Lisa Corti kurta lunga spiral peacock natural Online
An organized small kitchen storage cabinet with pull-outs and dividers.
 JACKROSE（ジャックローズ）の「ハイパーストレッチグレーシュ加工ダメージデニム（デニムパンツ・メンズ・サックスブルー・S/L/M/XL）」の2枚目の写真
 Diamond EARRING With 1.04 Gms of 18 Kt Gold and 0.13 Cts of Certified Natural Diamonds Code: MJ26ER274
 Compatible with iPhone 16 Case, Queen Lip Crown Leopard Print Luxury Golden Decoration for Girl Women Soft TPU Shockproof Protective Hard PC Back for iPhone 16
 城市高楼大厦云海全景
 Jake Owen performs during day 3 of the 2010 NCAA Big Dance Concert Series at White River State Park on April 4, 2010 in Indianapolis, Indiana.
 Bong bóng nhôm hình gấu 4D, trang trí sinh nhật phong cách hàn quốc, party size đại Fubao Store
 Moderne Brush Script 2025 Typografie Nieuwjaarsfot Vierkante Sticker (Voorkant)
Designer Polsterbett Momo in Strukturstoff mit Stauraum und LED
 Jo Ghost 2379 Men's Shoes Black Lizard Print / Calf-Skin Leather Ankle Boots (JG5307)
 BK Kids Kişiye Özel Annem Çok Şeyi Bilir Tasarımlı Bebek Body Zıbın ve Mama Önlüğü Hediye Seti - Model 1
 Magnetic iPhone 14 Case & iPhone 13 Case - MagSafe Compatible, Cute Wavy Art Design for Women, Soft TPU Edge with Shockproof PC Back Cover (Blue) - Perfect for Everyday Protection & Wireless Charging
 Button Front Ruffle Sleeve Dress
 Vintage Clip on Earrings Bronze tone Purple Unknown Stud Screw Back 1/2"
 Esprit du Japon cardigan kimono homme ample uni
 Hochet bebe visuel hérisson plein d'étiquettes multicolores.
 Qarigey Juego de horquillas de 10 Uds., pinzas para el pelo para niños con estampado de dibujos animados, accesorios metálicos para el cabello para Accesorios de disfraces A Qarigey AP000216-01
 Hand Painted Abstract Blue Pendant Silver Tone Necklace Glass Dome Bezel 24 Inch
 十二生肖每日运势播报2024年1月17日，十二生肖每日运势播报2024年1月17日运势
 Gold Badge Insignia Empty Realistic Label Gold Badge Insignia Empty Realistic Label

────────────────────

DESCRIPTION OF THE TASK: Every line of the listing above that contains "Shockproof" is to be copied.

ANSWER SECTION:
 Compatible with iPhone 16 Case, Queen Lip Crown Leopard Print Luxury Golden Decoration for Girl Women Soft TPU Shockproof Protective Hard PC Back for iPhone 16
 Magnetic iPhone 14 Case & iPhone 13 Case - MagSafe Compatible, Cute Wavy Art Design for Women, Soft TPU Edge with Shockproof PC Back Cover (Blue) - Perfect for Everyday Protection & Wireless Charging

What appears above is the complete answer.